Collected data ->
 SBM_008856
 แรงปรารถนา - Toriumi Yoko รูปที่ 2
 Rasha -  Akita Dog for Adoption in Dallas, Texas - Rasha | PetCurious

Your instructions -> In full and without alteration, return the listing above.

Output of the exercise ->
 SBM_008856
 แรงปรารถนา - Toriumi Yoko รูปที่ 2
 Rasha -  Akita Dog for Adoption in Dallas, Texas - Rasha | PetCurious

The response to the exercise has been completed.